**What the task requires:**
Exclude the pictures, then restate exactly each line of the data below from the first through the line containing "Little Bird Little Bird".

**Supplied material:**
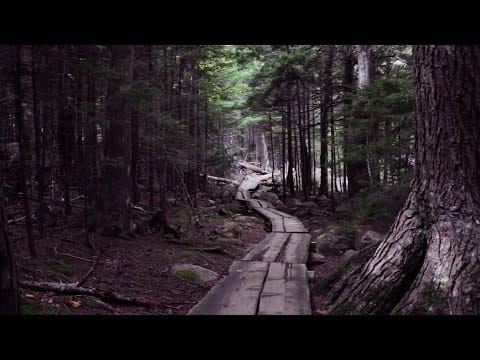 Arve Henriksen — Arve Henriksen - Lament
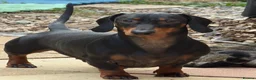 Dachshund dogs for stud: Standard Black and Tan - Advert 1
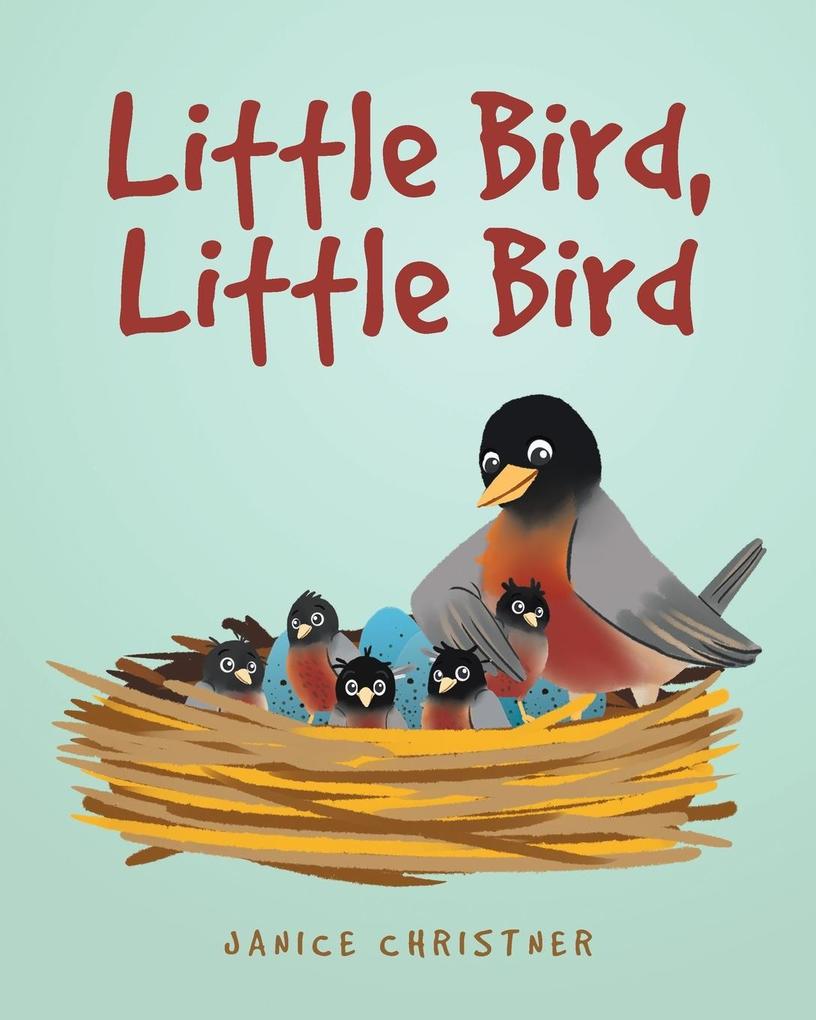 Little Bird Little Bird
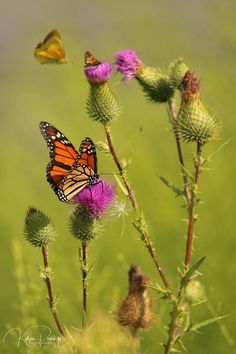 A photography print of butterflies enjoying wild thistle in a chartreuse colored meadow.  Photo was taken in the late Spring in Southeast Michigan. This butterfly print showcases the vibrant colors and greenery of Springtime. This print is available in different sizes, including 8x10, 5x7, and more. It would be a perfect gift for a gardener, or a lovely nature inspired addition to any living space. Please read all listing info below! *You will be receiving a print only, unless you choose the bou Most Beautiful Butterfly Photography, Monarch Butterfly Photography, Monarch Butterflies Photography, Wild Thistle, Boutique Packaging, Wall Art Purple, Wild Flower Meadow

**Answer for the task:**
 Arve Henriksen — Arve Henriksen - Lament
 Dachshund dogs for stud: Standard Black and Tan - Advert 1
 Little Bird Little Bird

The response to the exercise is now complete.